How can we prove that "Every Group of order $216$ contains a normal subgroup of order $27$ or $9$ ?".
MY TRY: $216=2^3.3^3$.So possible order of sylow $3$ subgroup is $1$ or $4$ and similarly for sylow $2$ subgroup is of order $1,3,9\,\text{or}\,27$.Then how to proceed $?$Thank you
Suppose there are $\;4\;$ Sylow $\;3\,-$ subgroups of order $\;3^3=27\;$ , which means there is a subgroup of index $\;4\;$ in $\;G\;$ , namely: $\;N_G(P_3)\;,\;\;P_3=\;$ any Sylow $\;3\,-$ subgroup.

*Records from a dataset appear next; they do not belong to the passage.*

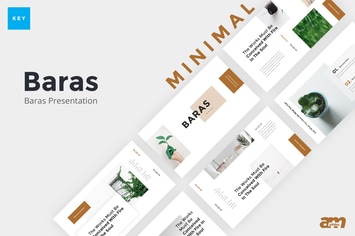 Baras Minimal Keynote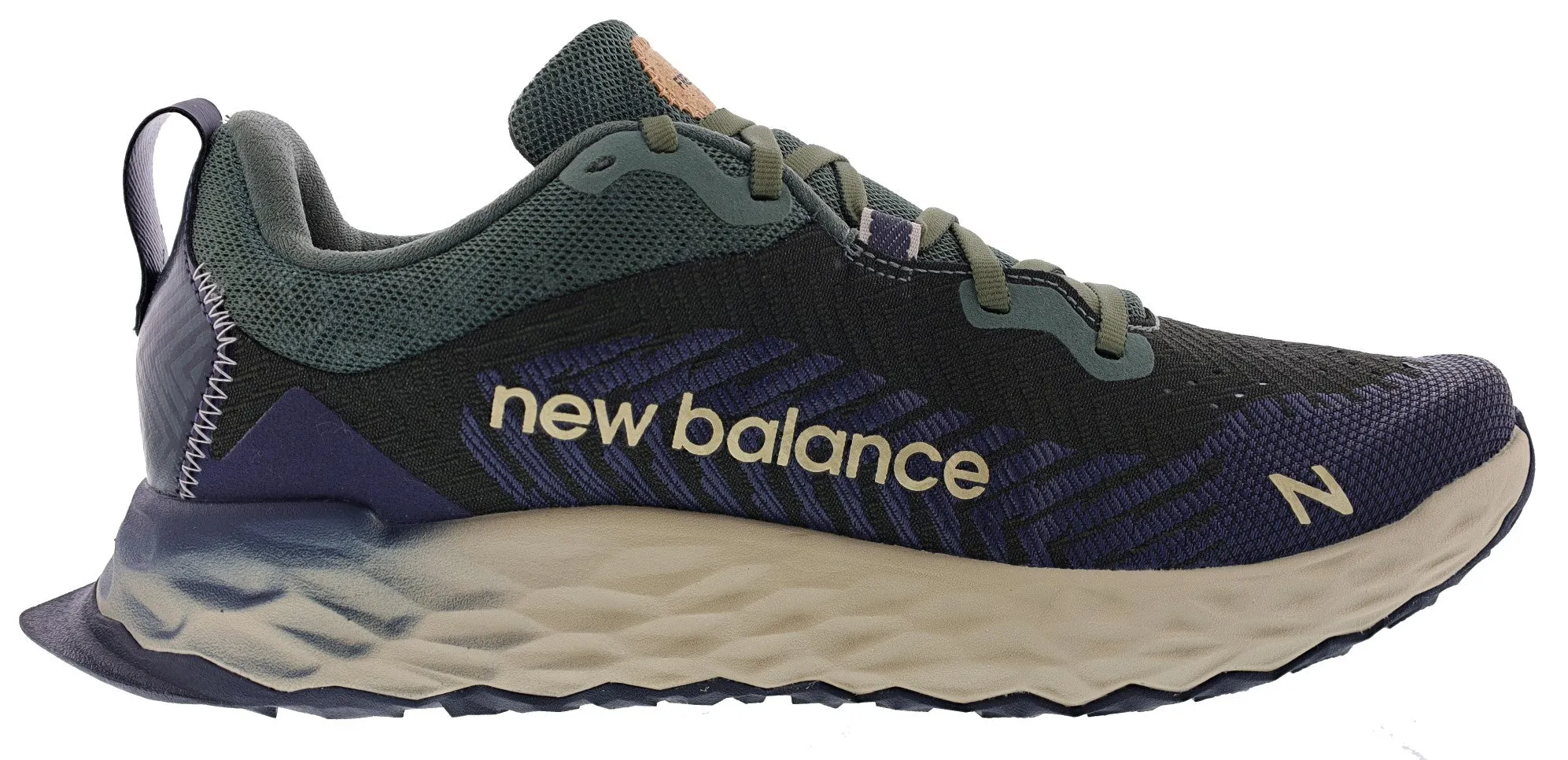 New Balance Fresh Foam Hierro v6  Men's Trail Running Shoes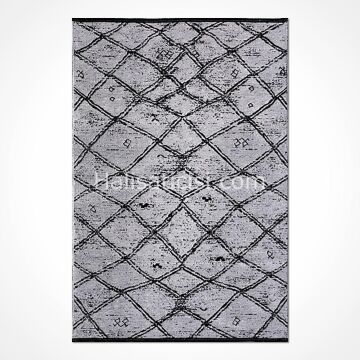 Crea Halı Antakya Özel Ebat Kesim Halı  AU004 100 cm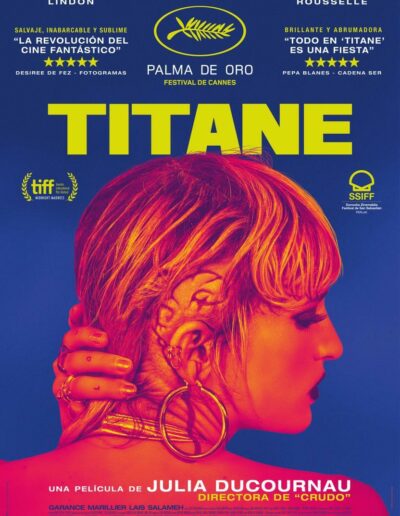 Titane by Scan Engine
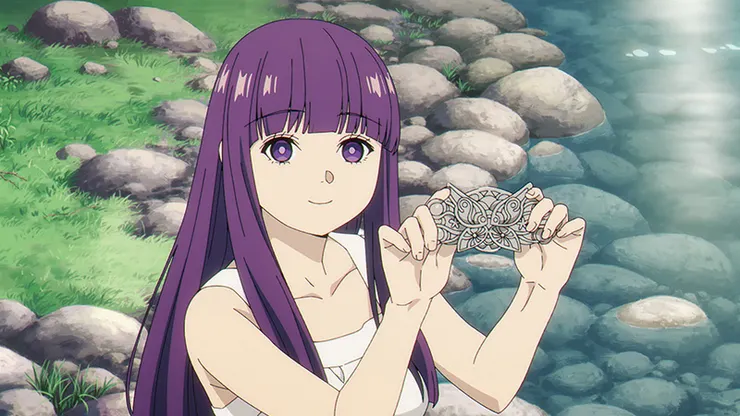 《葬送的芙莉蓮》動畫劇照／劇照來源：《葬送的芙莉蓮》動畫官網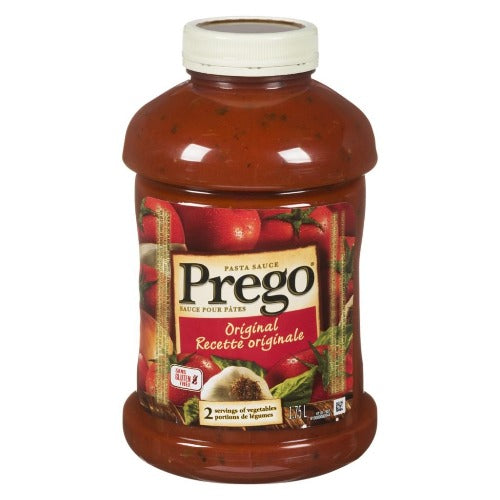 Prego Pasta Sauce, Original, 1.75L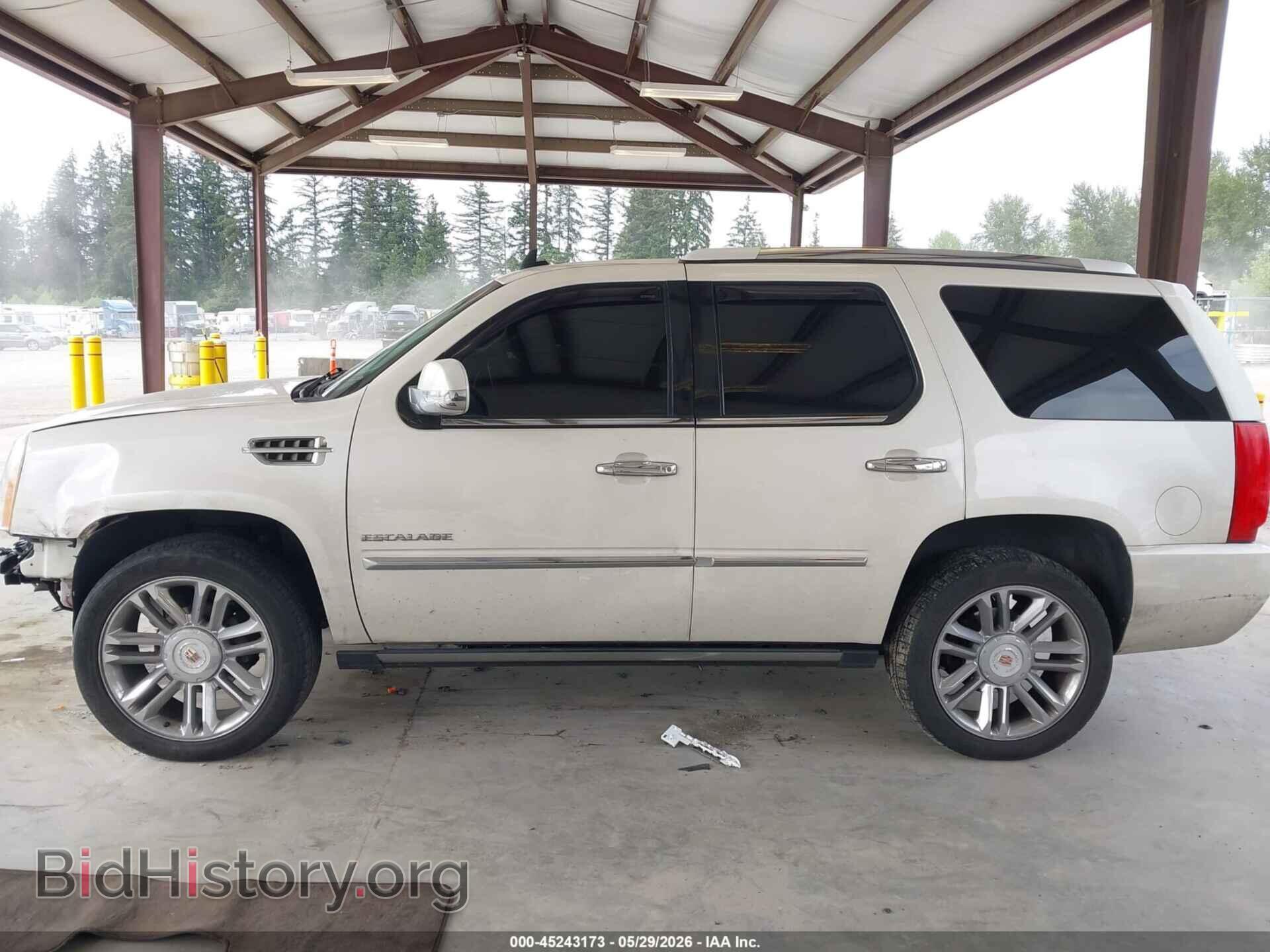 2013 CADILLAC ESCALADE - VIN: 1GYS4DEF9DR368433 - Фото 15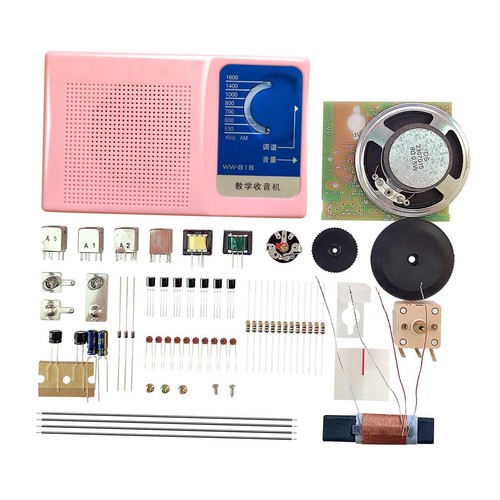 Elektronischer radio - elektronischer,
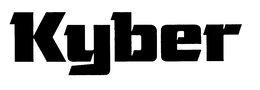 KYBER trademark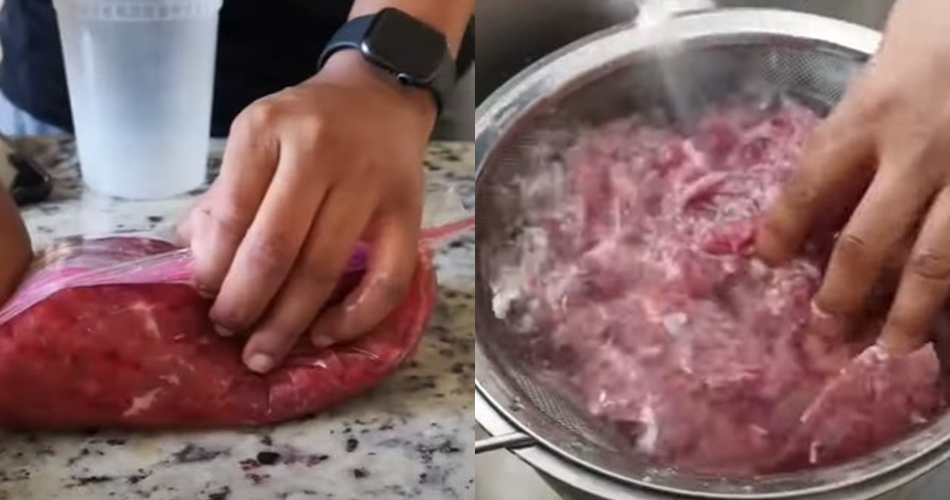 Tanpa direbus, ini trik jitu mengempukkan daging sapi agar mudah dikunyah dan tak berubah rasa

But making $\;G\;$ act on the four cosets of this subgroup, we get a homomorphism $\;\phi: G\to S_4\;$ characterized by
$$\ker\phi=\bigcap_{g\in G}P_3^g =\text{ the core of}\;\;P_3=$$
the maximal normal subgroup of $\;G\;$ which is contained in $\;P_3\;$ . Clearly then $\;\phi\;$ cannot be injective (why? Look at orders...), and in fact its order must be such that, by the first isomorphism theorem
$$G/\ker\phi\cong K\le S_4$$
Well, this already shows there's a non-trivial normal subgroup in $\;G\;$ , and now calculate what the possible order of it can be by the above.